> **Your assignment**:
From the first line to the last, copy the listing exactly and omit the pictures.

> **Source material**:
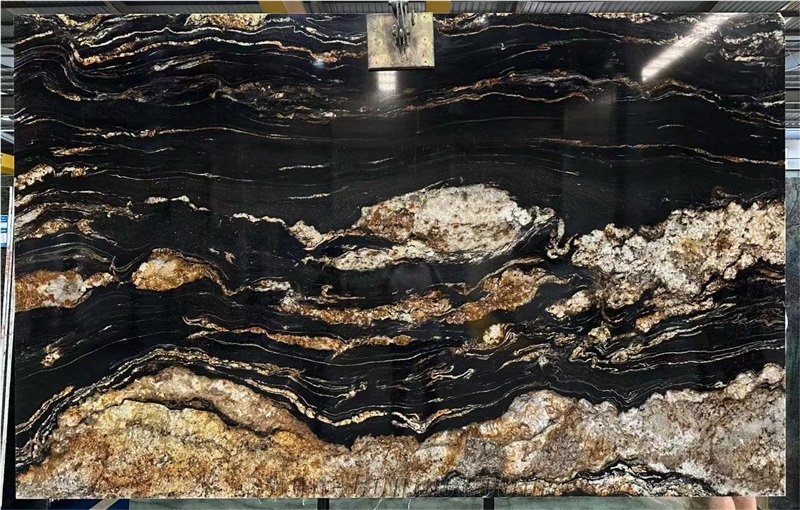Cosmic Gold Granite Slab Polished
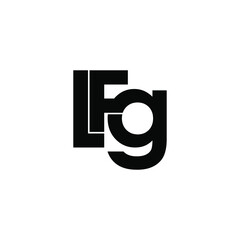 lfg initial letter monogram logo design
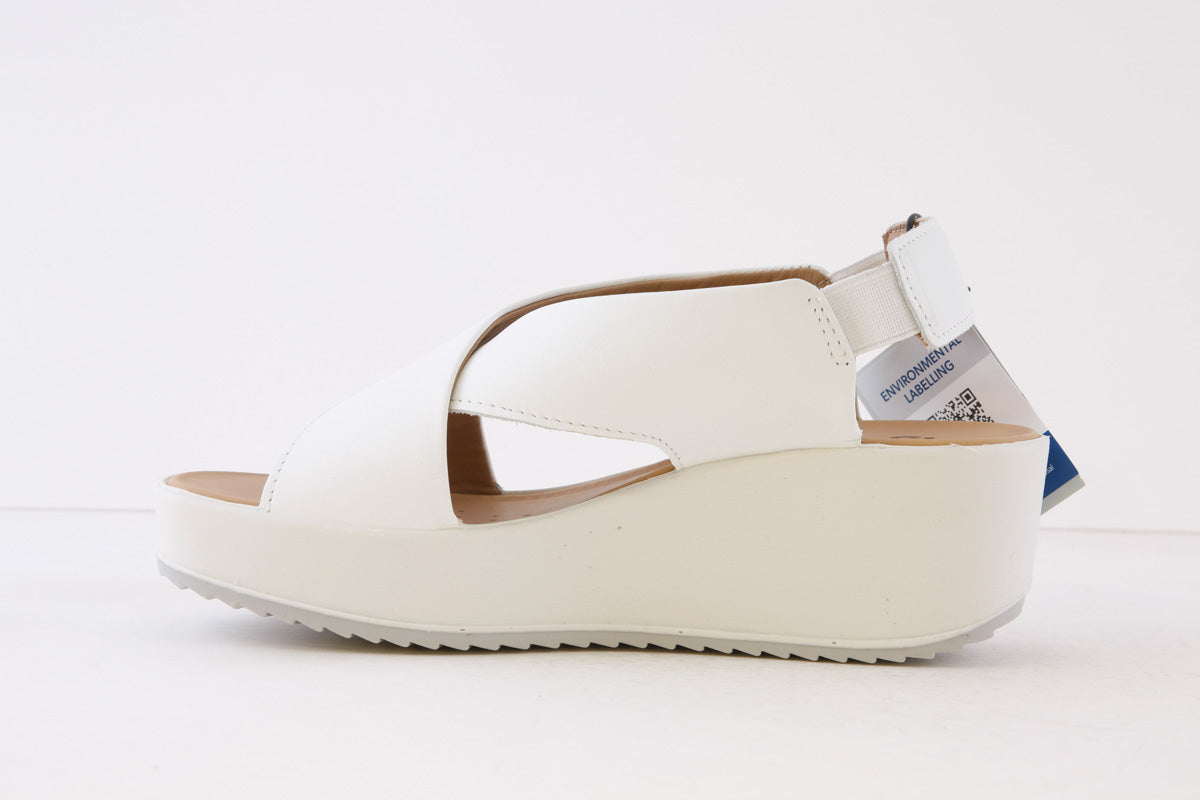 IGI & CO - PLATFORM WEDGE CRISS-CROSS SANDAL - WHITE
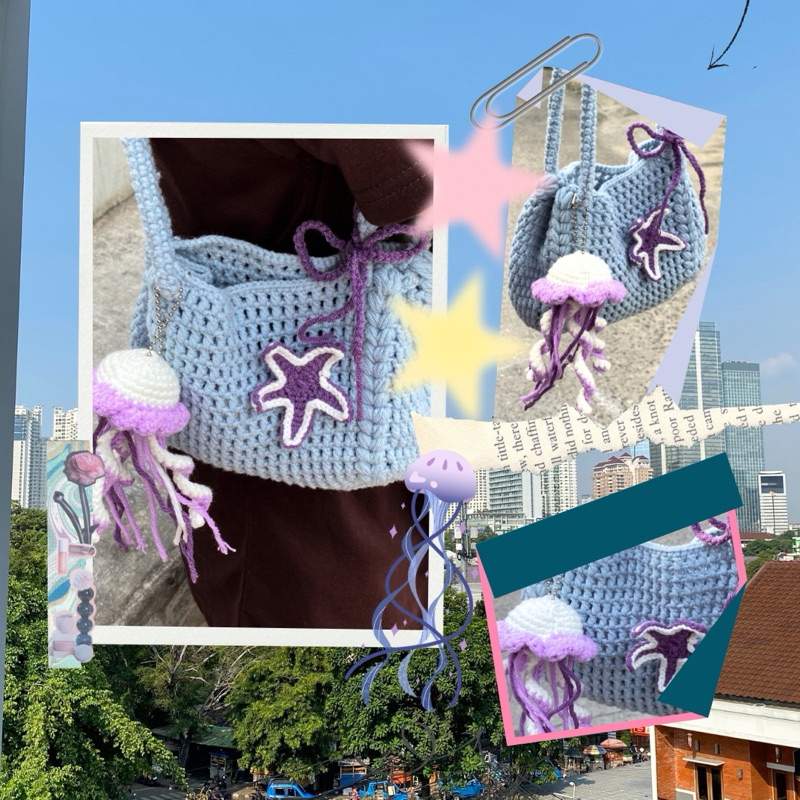 Sea crochet bag | tas rajut | crochet bag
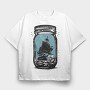 Trapped, Tricou Oversize Barbati (Unisex)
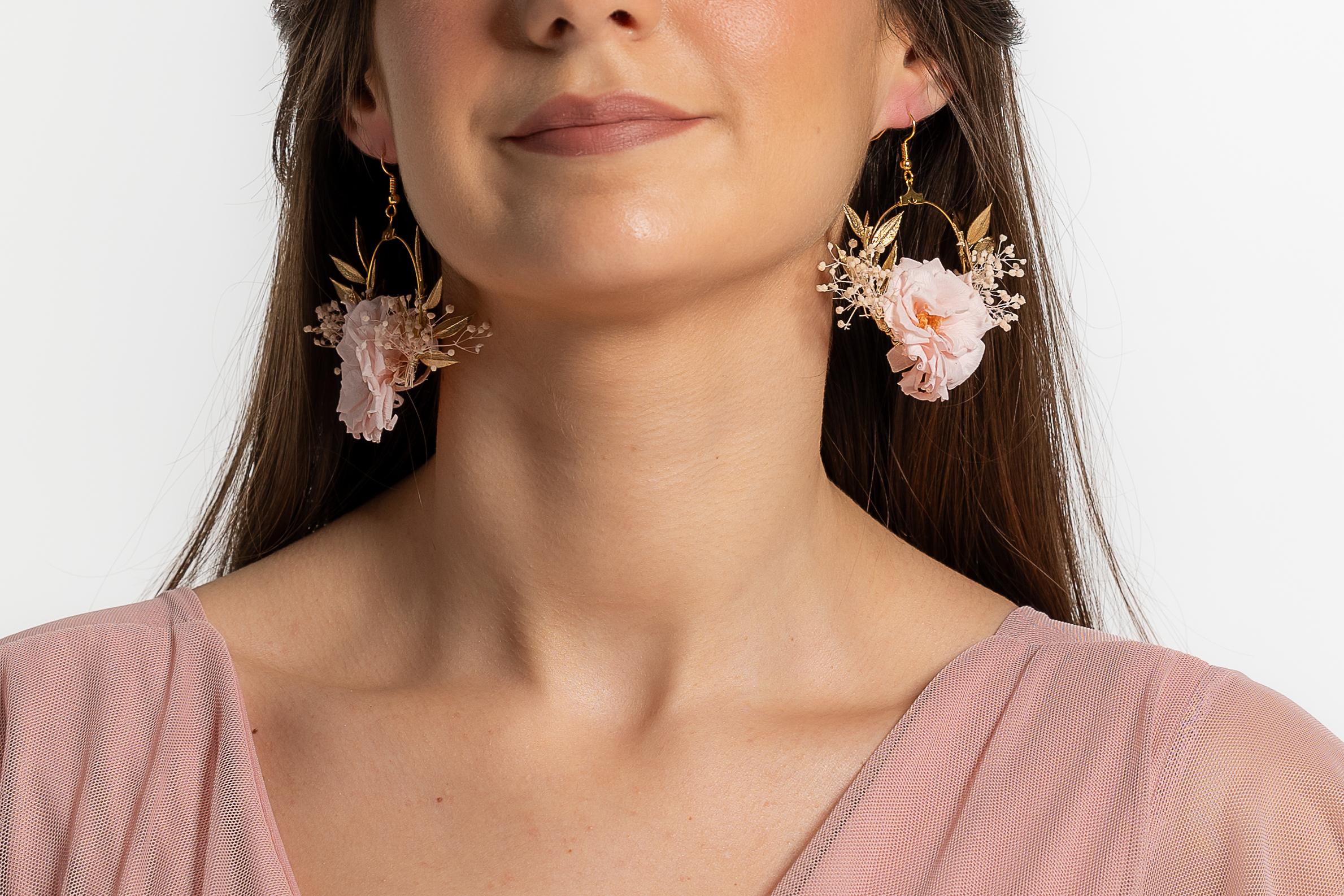 Boucles d'oreilles fleuries élégantes et raffinées | Boucles d'oreilles élégantes et raffinées CATERINA | Mom'Zelle Bijoux MMC322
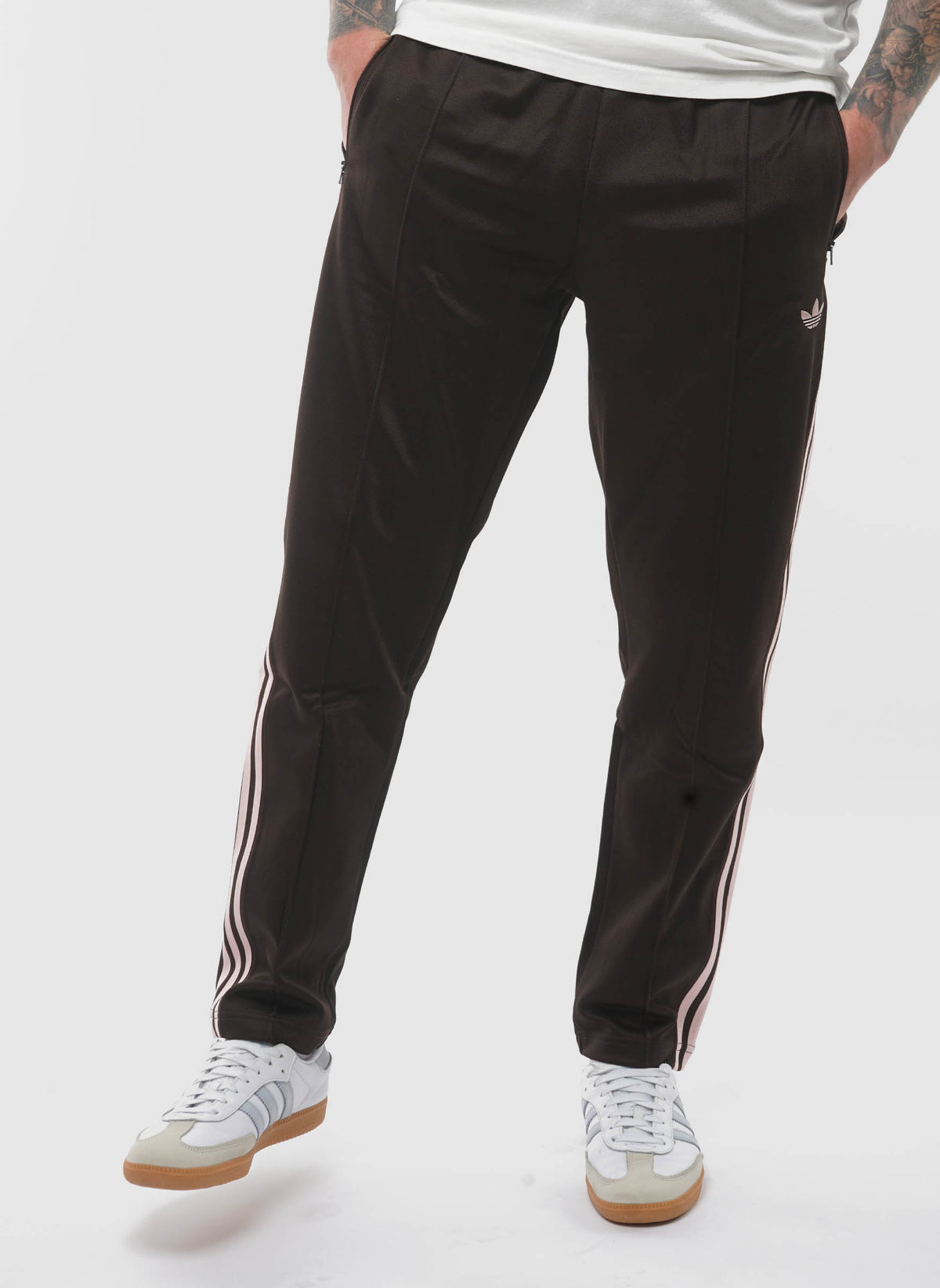 Classic Trackpants - Brown/Sandy Pink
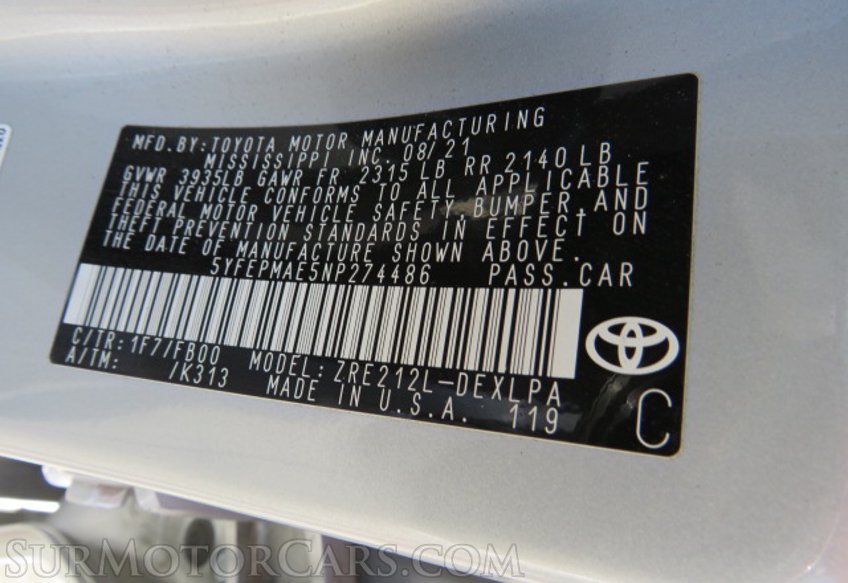 2022 Toyota Corolla - Image 49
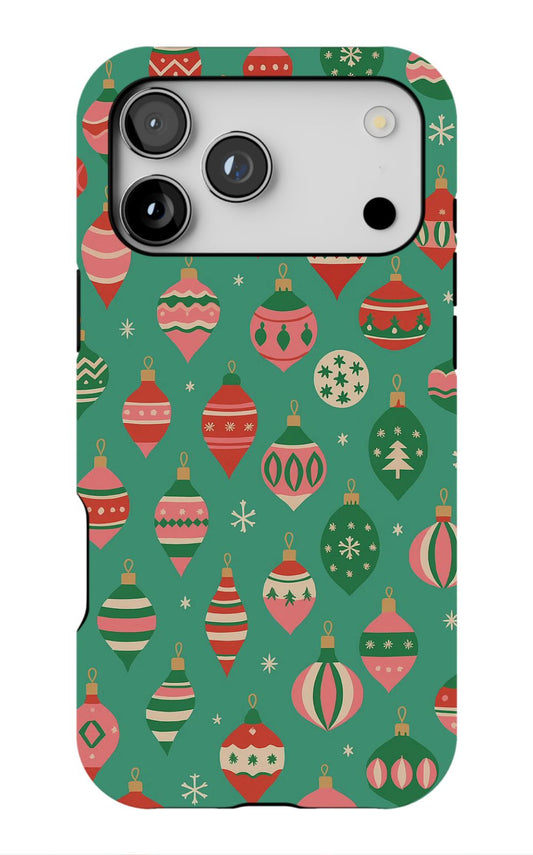 Festive Christmas Ornament Aesthetic Phone Case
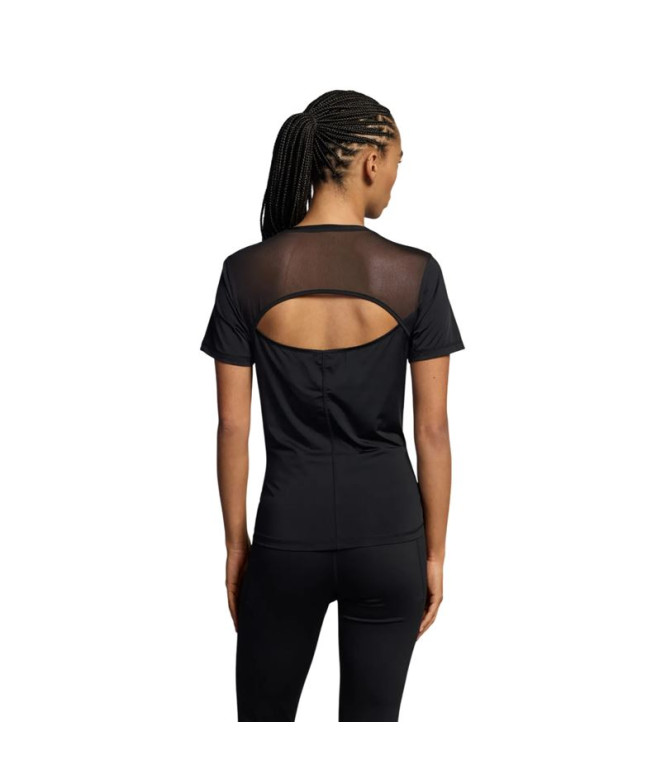 T-shirt Champion Femme SS Noir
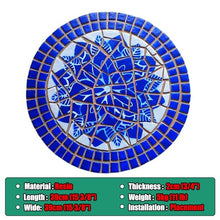 Elitix Stepping Garden Stone Mosaic Patterns Tiles for Walkway, Outdoor Stepping Gardening Stone, 30/34 / 39cm Stone Ornaments Memorial for Garden(Color:Large,Size:6 pcs)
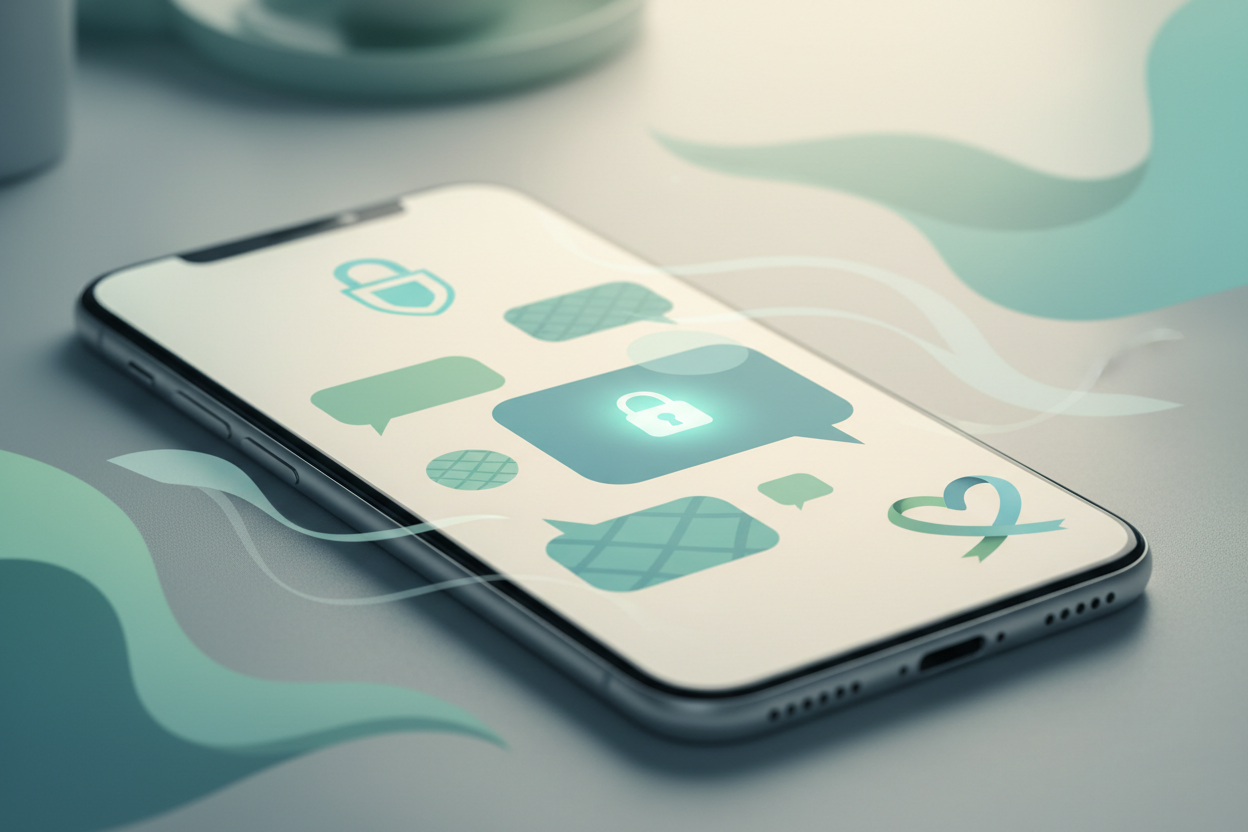 Secure therapeutic messaging 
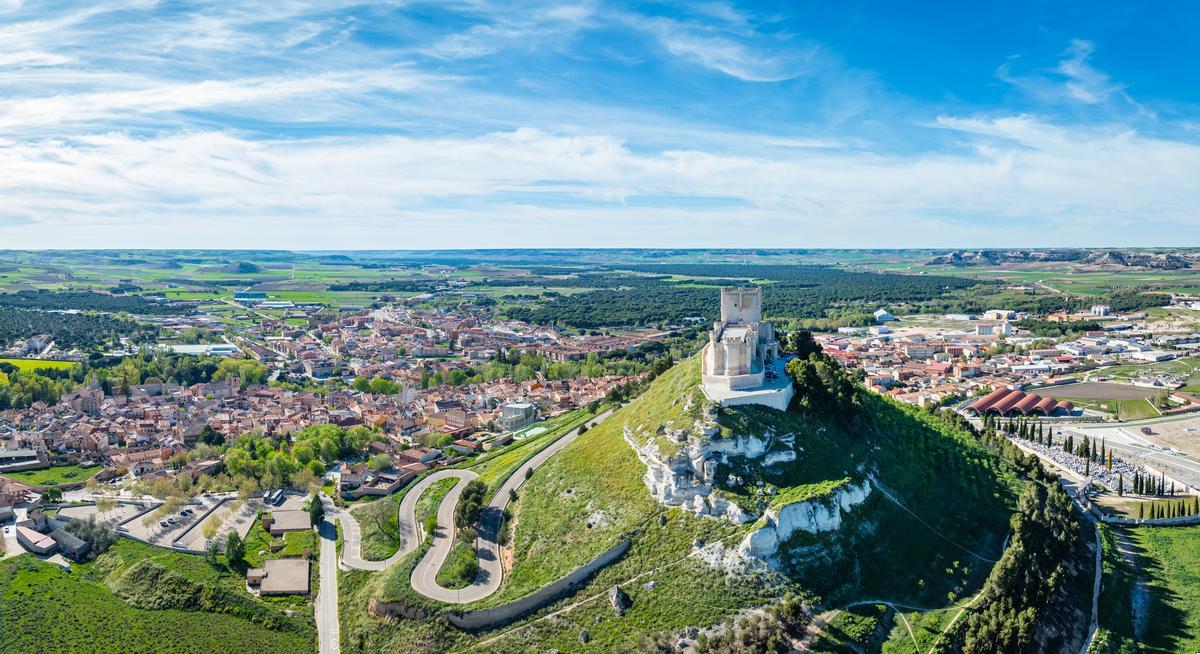 Vista aérea del Castillo de Peñafiel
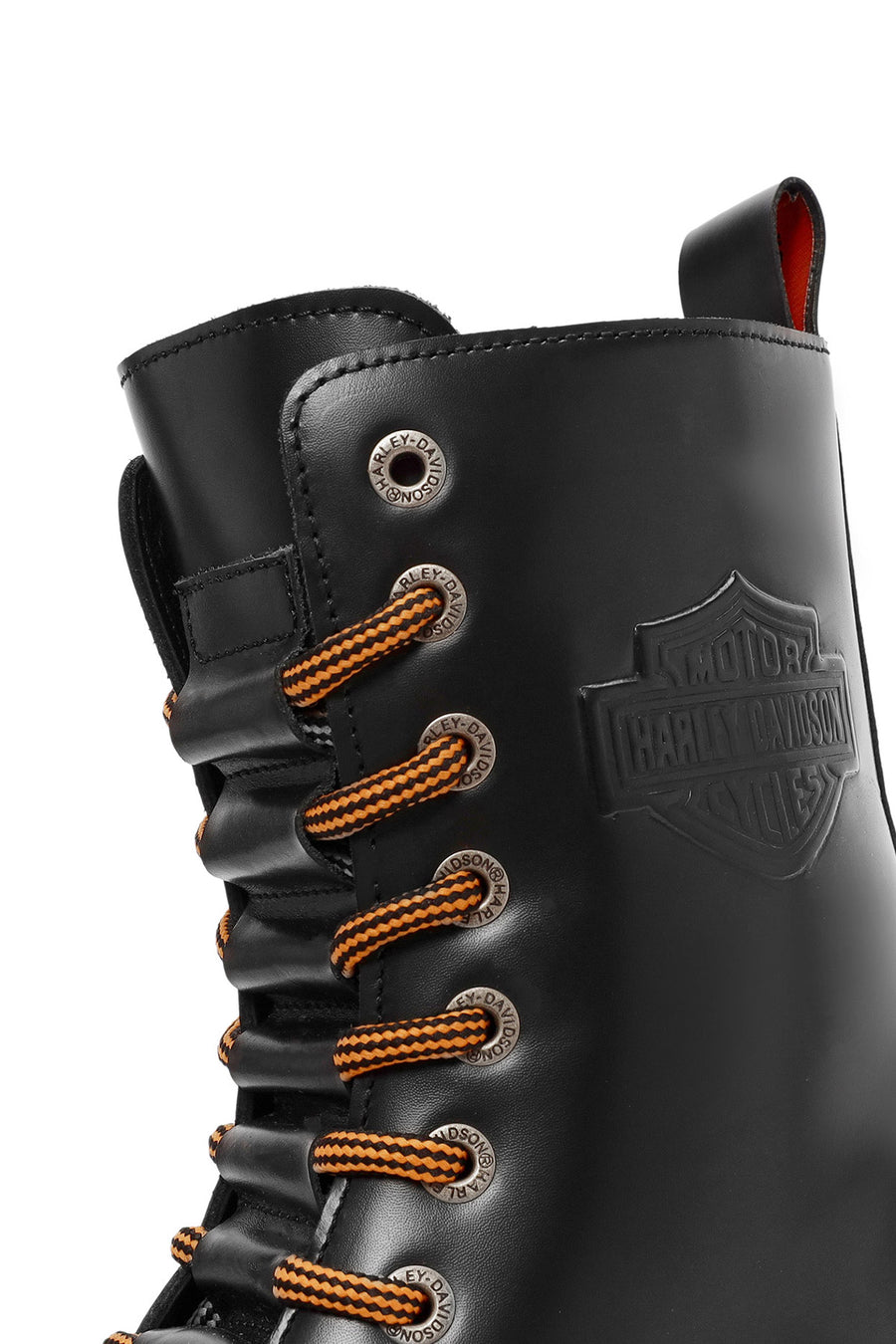 Harley Davidson Erkek Siyah Thar Bağcıklı Deri Postal Bot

> **Reply**:
Cosmic Gold Granite Slab Polished
 lfg initial letter monogram logo design
 IGI & CO - PLATFORM WEDGE CRISS-CROSS SANDAL - WHITE
 Sea crochet bag | tas rajut | crochet bag
 Trapped, Tricou Oversize Barbati (Unisex)
 Boucles d'oreilles fleuries élégantes et raffinées | Boucles d'oreilles élégantes et raffinées CATERINA | Mom'Zelle Bijoux MMC322
 Classic Trackpants - Brown/Sandy Pink
 2022 Toyota Corolla - Image 49
 Festive Christmas Ornament Aesthetic Phone Case
 T-shirt Champion Femme SS Noir
 Elitix Stepping Garden Stone Mosaic Patterns Tiles for Walkway, Outdoor Stepping Gardening Stone, 30/34 / 39cm Stone Ornaments Memorial for Garden(Color:Large,Size:6 pcs)
 Secure therapeutic messaging 
 Vista aérea del Castillo de Peñafiel
 Harley Davidson Erkek Siyah Thar Bağcıklı Deri Postal Bot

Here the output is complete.